Writing in Crikey, Dennis Atkins considers the precedent of the 1988 referendum, when the Hawke government put to the people a number of minor constitutional amendments that would enshrine some basic rights into the constitution. Support was high until Liberal Party strongman Peter Reith entered the fray with a campaign of fake news, lies, and outlandish predictions about the consequences of a “yes” vote. Dutton’s campaign has some similarities with that campaign: it’s not about any ideological opposition: in fact Dutton is reported to be reasonably supportive of the Voice in private meetings. Rather, as with Reith’s campaign, it’s about a spiteful desire to see a Labor government’s political initiative fail.
Atkins believes that the Liberal Party could do far better electorally if it got behind the referendum.

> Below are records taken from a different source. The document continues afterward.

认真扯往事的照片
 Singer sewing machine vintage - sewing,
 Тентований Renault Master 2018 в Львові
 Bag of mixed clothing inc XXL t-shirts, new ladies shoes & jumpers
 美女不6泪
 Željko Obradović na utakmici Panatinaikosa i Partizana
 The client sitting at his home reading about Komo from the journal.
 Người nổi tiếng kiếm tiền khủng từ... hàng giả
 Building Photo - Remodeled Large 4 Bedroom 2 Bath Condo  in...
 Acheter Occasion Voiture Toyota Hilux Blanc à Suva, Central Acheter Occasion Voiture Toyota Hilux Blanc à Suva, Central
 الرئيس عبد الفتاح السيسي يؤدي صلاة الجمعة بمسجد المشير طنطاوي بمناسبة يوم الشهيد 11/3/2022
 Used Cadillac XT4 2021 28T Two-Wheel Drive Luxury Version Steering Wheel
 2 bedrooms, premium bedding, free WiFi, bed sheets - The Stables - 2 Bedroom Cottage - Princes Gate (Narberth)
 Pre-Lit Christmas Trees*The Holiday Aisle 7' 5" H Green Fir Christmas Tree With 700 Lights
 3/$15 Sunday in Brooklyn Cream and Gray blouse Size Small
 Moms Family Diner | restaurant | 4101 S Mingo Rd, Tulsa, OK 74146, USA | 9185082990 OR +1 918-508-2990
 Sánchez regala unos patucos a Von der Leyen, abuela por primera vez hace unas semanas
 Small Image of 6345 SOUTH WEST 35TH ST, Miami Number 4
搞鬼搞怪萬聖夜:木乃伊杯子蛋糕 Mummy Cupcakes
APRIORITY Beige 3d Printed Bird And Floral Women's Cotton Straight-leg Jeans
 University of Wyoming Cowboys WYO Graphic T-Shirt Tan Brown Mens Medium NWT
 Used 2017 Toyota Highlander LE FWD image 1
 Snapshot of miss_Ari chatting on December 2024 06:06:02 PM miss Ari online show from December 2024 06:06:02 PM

That could dispel the impression that the party is a negative and reactionary movement of the far right, setting it up to have a fighting chance in the 2025 election.
He could have mentioned that after its referendum failure in 1988 Labor went on to win two more federal elections.
Closing the gap – patchy performance
The Productivity Commission has provided another regular update to its Closing the Gap Dashboard, with new data in a number of areas.
Health-related indicators – use of health services and birthweight – in 2021-22 continue to move in the wrong direction in most jurisdictions, particularly the Northern Territory. Maybe Covid-19 has been a factor in making services less accessible.
Education indicators – Year 12 completion, university enrolment, VET enrolment – are holding up, but the gap is generally widening.
The proportion of Aboriginal and Torres Strait Islander Australians aged 25 to 64 who are employed continues to rise, but the gap is wide: 56 percent compared with 78 percent for all other Australians.
Contrary to some impressions (probably based on pockets of severe disadvantage), housing standards are improving and the gap is closing.
There is no progress in reducing suicide rates. The only gloss that can be put on these dismal figures is that there is no discernible gap between the suicide rate of Aboriginal and Torres Strait Islander and other Australians. A closed gap does not indicate that all is well.